Dataset records |
○ ○ ○
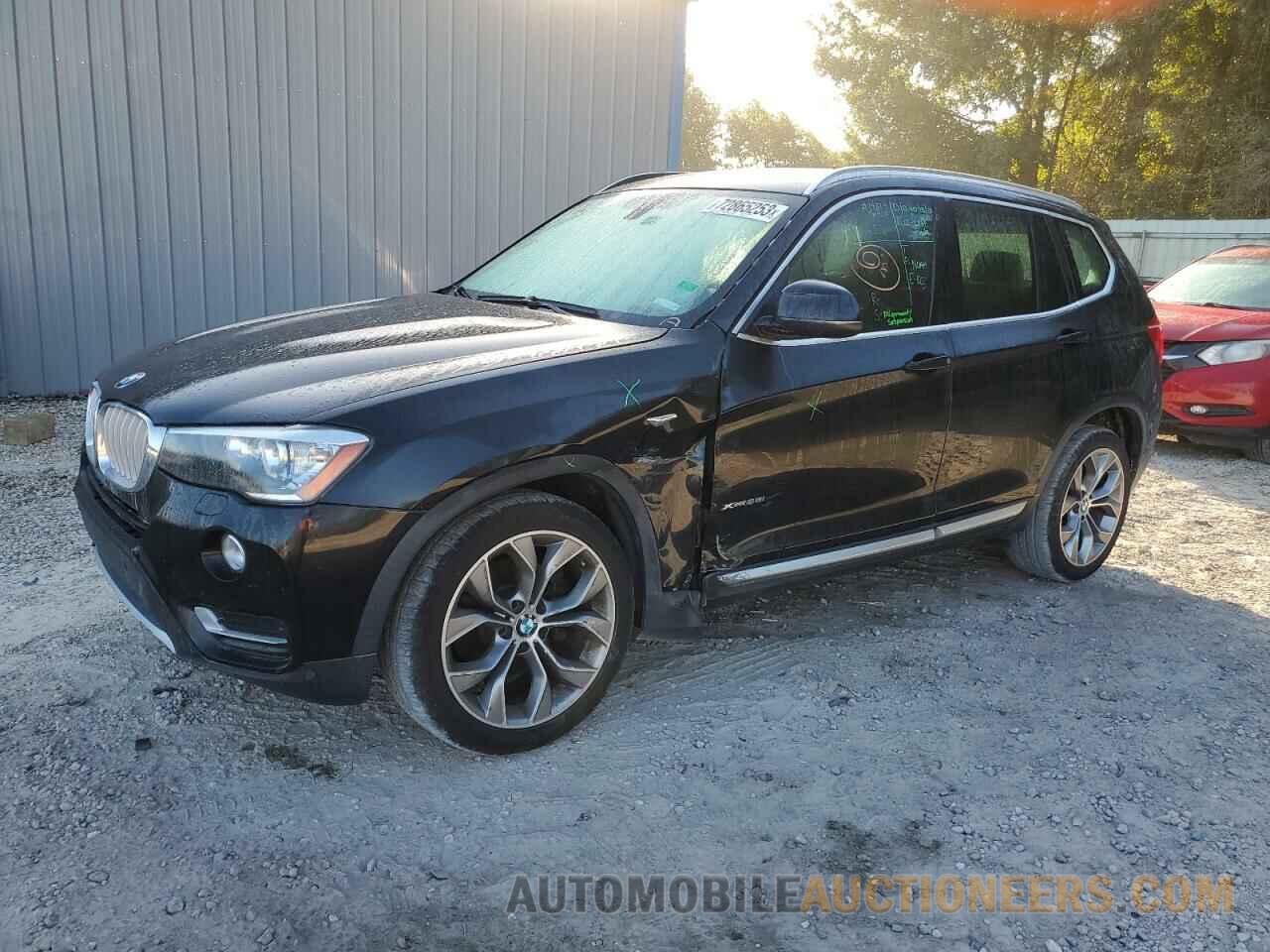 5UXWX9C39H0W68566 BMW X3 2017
○ ○ ○
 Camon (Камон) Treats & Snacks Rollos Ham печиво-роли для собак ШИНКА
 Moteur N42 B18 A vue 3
○ ○ ○
What you should do |
All that is wanted is the stretch of lines above from the one containing "Camon (Камон) Treats" through the one containing "Moteur N42 B18 A vue 3", duplicated exactly.

Output below |
 Camon (Камон) Treats & Snacks Rollos Ham печиво-роли для собак ШИНКА
 Moteur N42 B18 A vue 3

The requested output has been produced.